En el imaginario colectivo de los seres humanos, a veces nos hemos planteado la posibilidad de que las ciudades sean seres vivos en sí mismas. Incluso esta idea dio origen a la teoría del organicismo dentro de la sociología, la cual sostiene que la sociedad es un ente vital.
Como tales, es su vida la que caracteriza a sus habitantes. ¿Quiere conocer a los neoyorquinos, vieneses, parisinos o chilangos? Súbete al metro. Y antes de que pienses que en el extranjero sólo tiene vagones súper cómodos último modelo, déjame romper tu ilusión y confirmarte que no, también los hay viejos y pintarrajeados.
Pero el trajín cotidiano, aunque similar, tiene sus diferencias. En el DF los apretujones están a la orden del día, en Nueva York las prisas y las carreras parecen competencia olímpica, en Viena no metes el boleto a ninguna máquina porque confían en que no subirás sin pagar, mientras que en París apenas llegas a una estación cuando ya le sigue otra. Si la ciudad está viva, el sistema subterráneo de transporte son sus venas.
¿Pero qué pasa cuando la referencia de nuestras ciudades es la muerte? ¿Qué pasa cuando el paisaje urbano se convierte en una enorme escena del delito? Cuando la ciudad se llena de veladoras, flores y globos que señalan el punto donde cayó la víctima de un homicidio, se va poblando de fantasmas.

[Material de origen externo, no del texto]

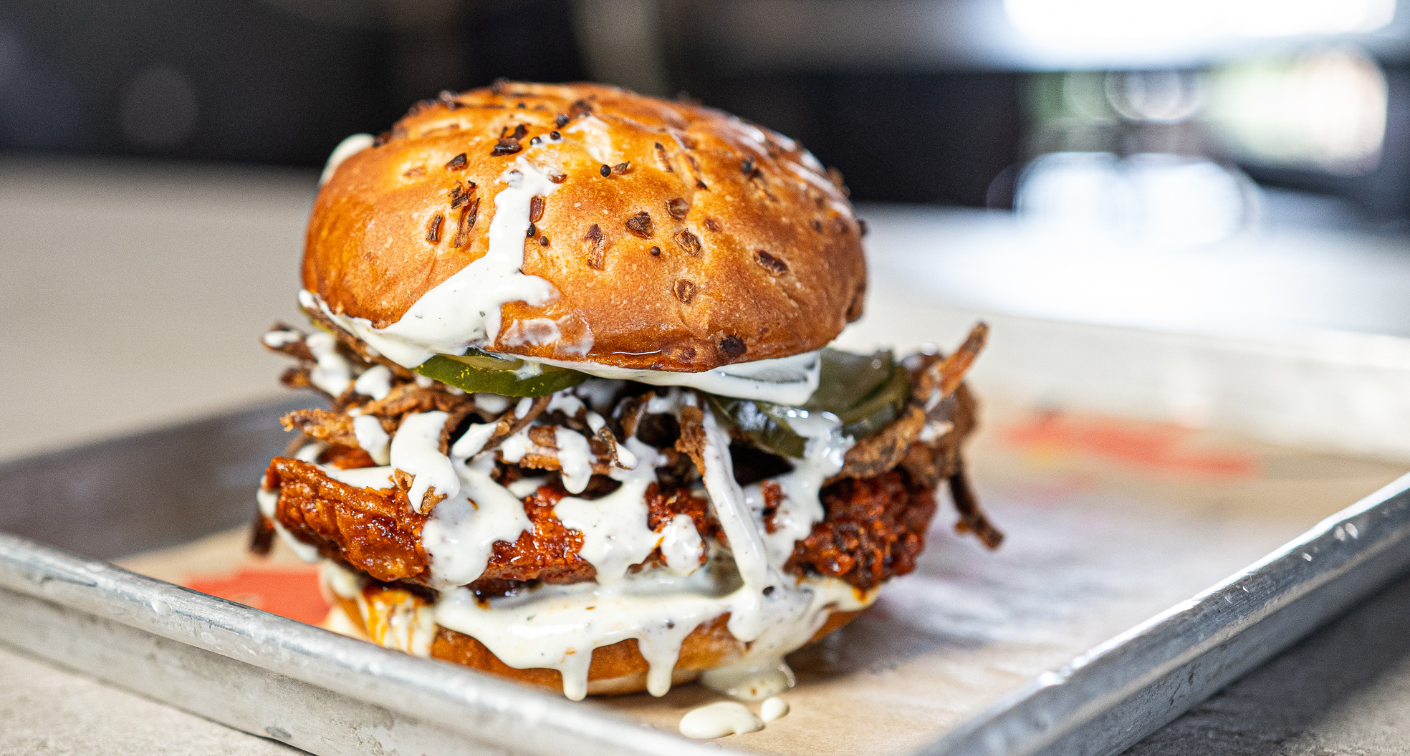 Spicy chicken sandwich drizzled with ranch.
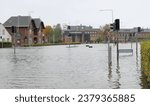 Small photo of Flooded streets and houses in a Danish city under violent autumn storm surge
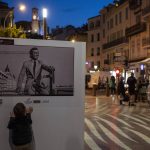 
              A young boy looks at a pictures of late French actor Jean-Paul Belmondo, in Cannes, France, Friday, May 13, 2022. The 75th Cannes Film Festival will take place from May 17-28. (AP Photo/Petros Giannakouris)
            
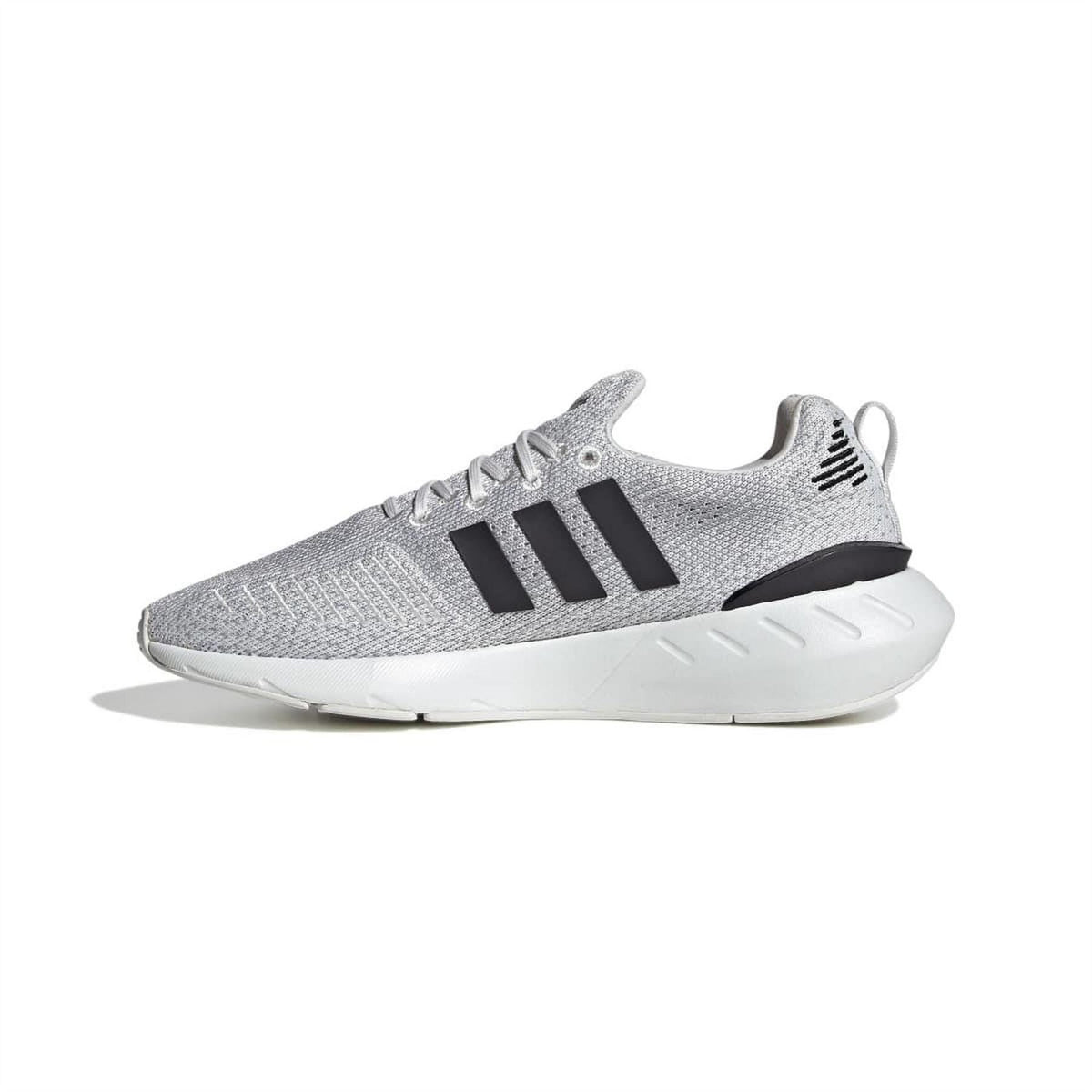 Grey adidas trainers with three black stripes, lace-up front, and white cushioned sole.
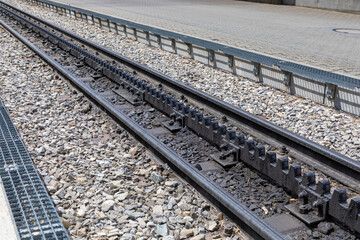 Selective focus, diagonal view of trail tracks in the Swiss alps. The middle track is known as a cog wheel and help train go up and down mountains. 
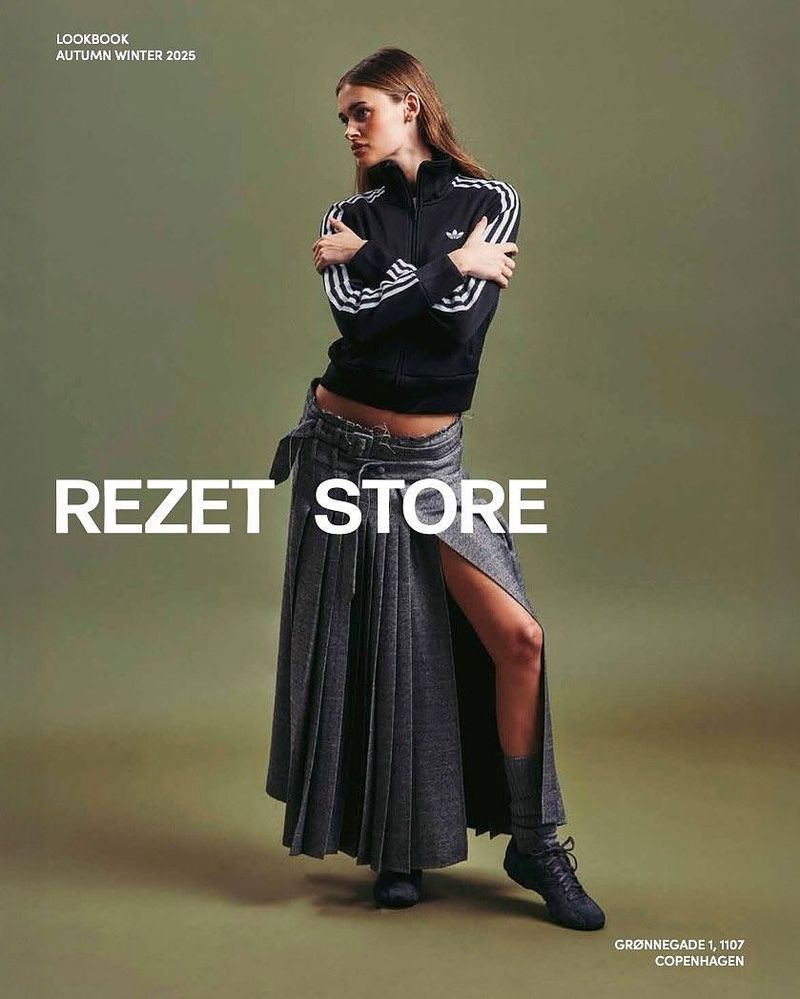 Cover of the Rezet Store Lookbook Autumn Winter 2025: a model in a black track jacket and a long grey skirt against an olive background.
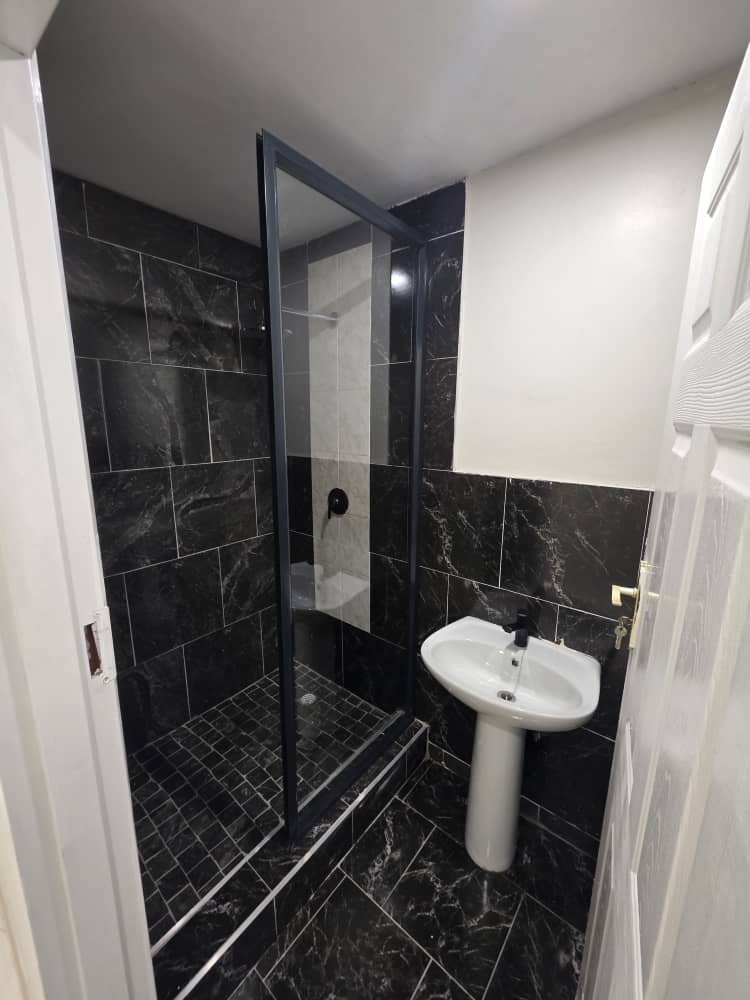 Greys Inn bathroom with a basin, toilet and glass-enclosed shower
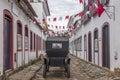 A carriage in a street adorned with flags for the Divine Holy Spirit Festivity in Paraty, Brazil. Royalty Free Stock Photo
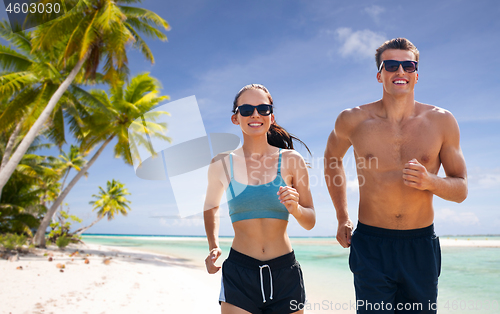 Image of couple in sports clothes running along on beach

El pasado 19 de enero, el Consejo Ciudadano para la Seguridad Pública y Justicia Penal A.C. dio a conocer el ranking 2013 de las cincuenta ciudades más violentas del mundo. Los trece primeros lugares los ocupan urbes latinoamericanas encabezadas por San Pedro Sula, Honduras. Del listado, diez puestos corresponden a ciudades mexicanas.
Acapulco ocupa el tercer lugar y Culiacán el vigésimo cuarto. La capital sinaloense se encuentra por debajo de Detroit (22 sitio), Cali (9) o Caracas (2) y por encima de Ciudad Juárez (27), Tijuana (45) o Cuernavaca (50). Si sólo consideramos las zonas urbanas de nuestro país, Culiacán es la segunda ciudad con más asesinatos con una tasa de 42.17 por cada cien mil habitantes. La buena noticia es que hace dos años estábamos en el décimo sexto lugar.

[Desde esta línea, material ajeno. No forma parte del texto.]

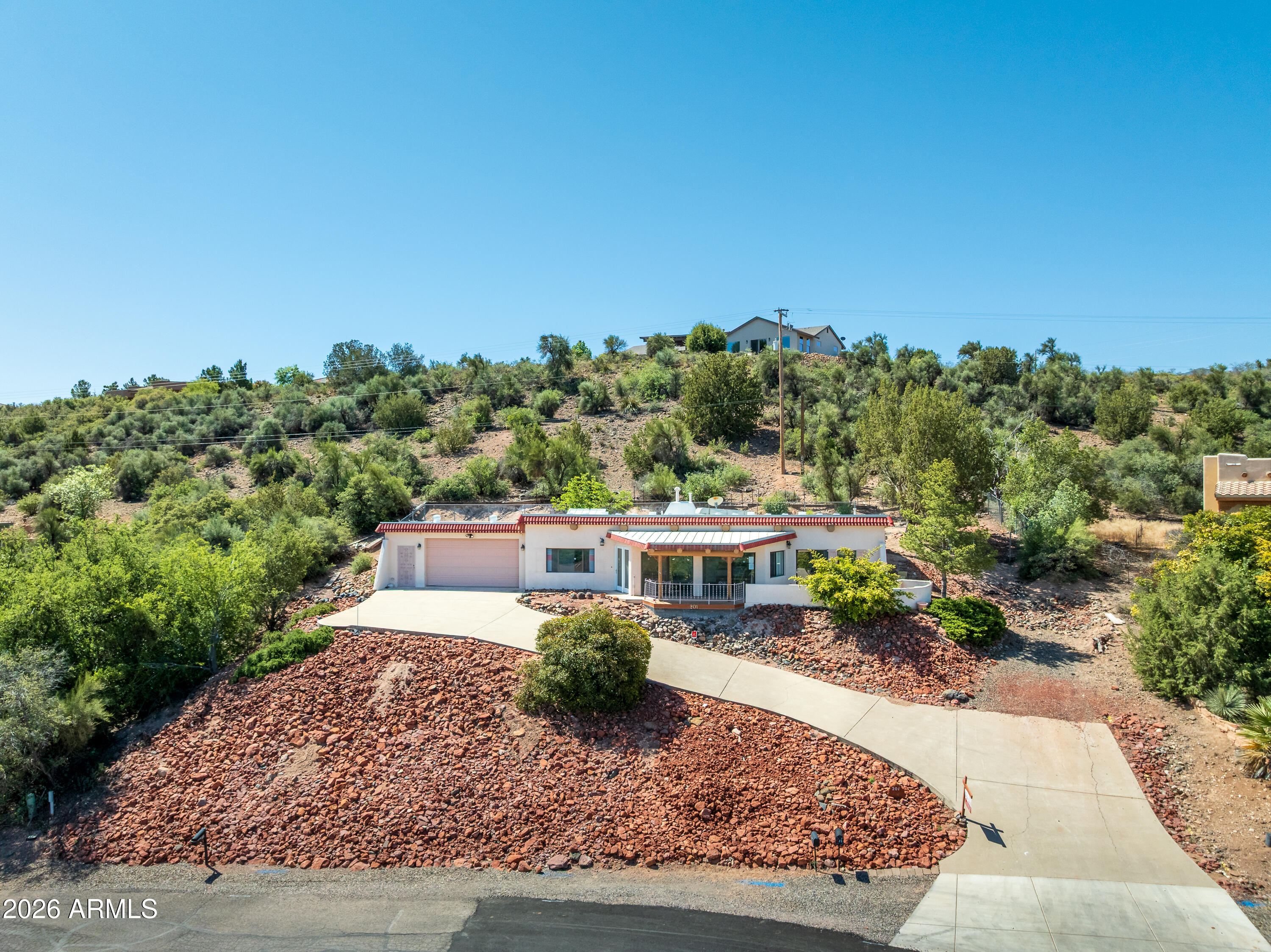 A front-row seat to Sedona's red rock beauty. This 2BR/1.5BA Santa Fe home offers sweeping valley views and striking crimson rock backdrops. Authentic viga beam ceilings bring warmth and character, while the expansive deck and patio create an inviting setting to take in the surrounding scenery. With the opportunity to update and make it your own, this property presents the perfect blend of charm and potential. A sought-after location, timeless style, and views you'll never tire of.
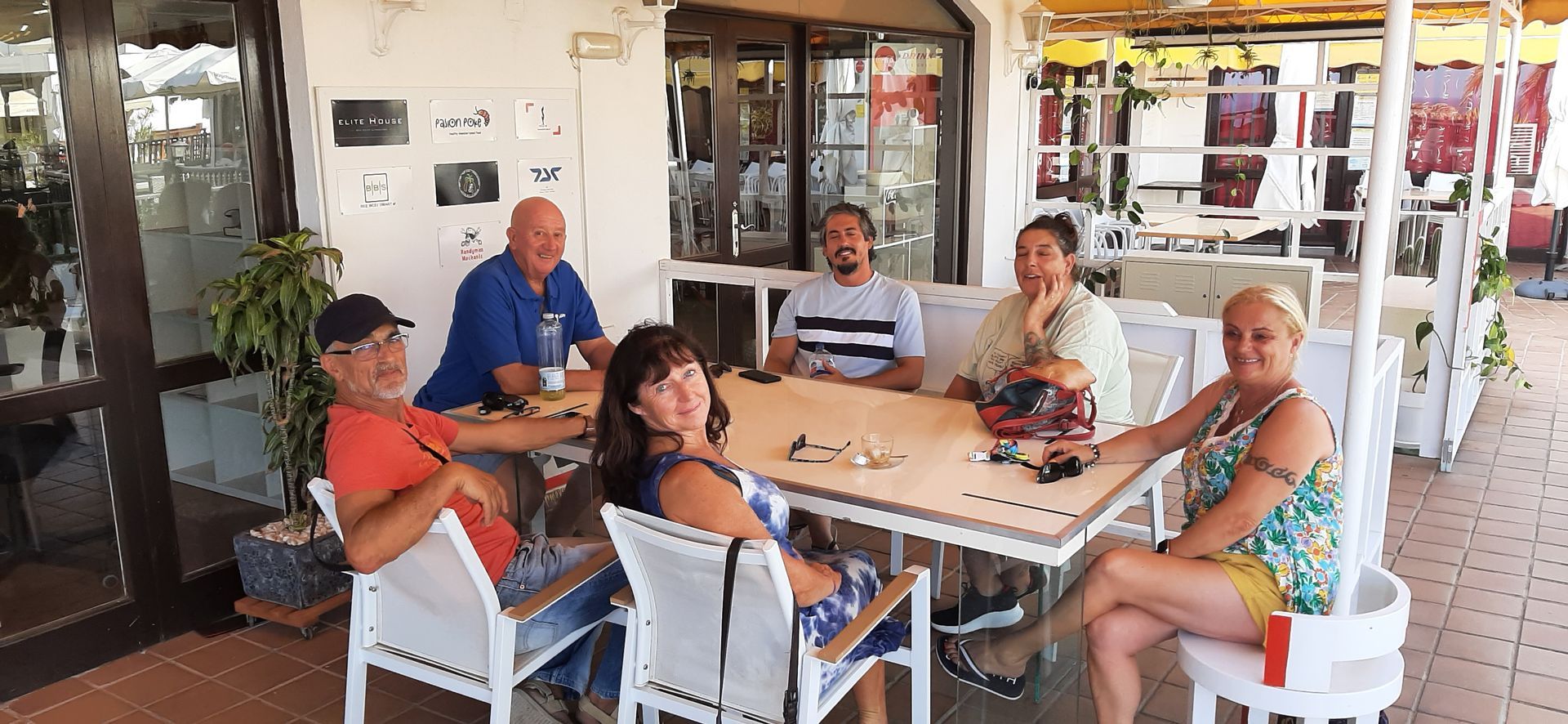 A group of people are sitting around a table in a restaurant.
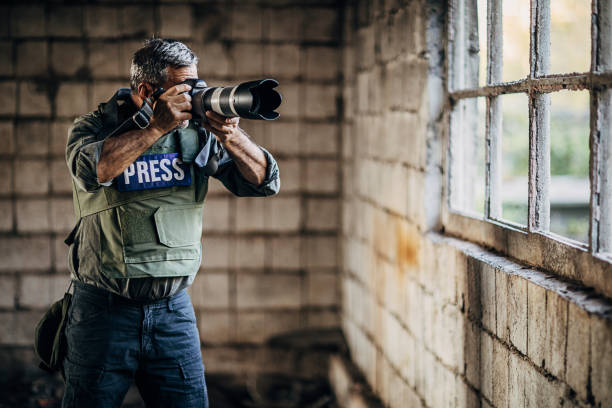 istock Mature guy war journalist taking pictures with camera 1230347016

No creo que haya nada qué celebrar. Nuestras ciudades se convierten en territorios donde la lotería de la muerte te da boleto sin comprarlo. Aunque quienes hemos vivido en ellas sabemos que en Culiacán o Cuernavaca los homicidios no se dan en duelos del viejo oeste, a mediodía frente a Catedral o el Palacio de Cortés.
A veces pienso que la urbanización del asesinato sigue la geografía de la ciudad, se alimenta de sus desigualdades, vive en sus rincones marginados, le respira en la nuca a los vulnerables. Otras tantas pienso que sigue la ruta de la ira, los celos, la codicia. Pero también veo que la muerte es lodo en las suelas del dinero.
No toda la ciudad es un ataúd, pero tiene callejones creados por balaceras que nos encierran con la muerte. Genera espacios en pequeños momentos en los cuales el entorno urbano oprime y opera en nuestra contra. Son los lugares donde ocurren las historias del Malayerba.
¿Qué traza tendría Culiacán si nunca se hubieran borrado las siluetas de los muertos tirados en la calle? Morir en nuestras ciudades es cuestión de transitar por caminos cuyo riesgo proviene de nuestros pecados. ¿O no paisano?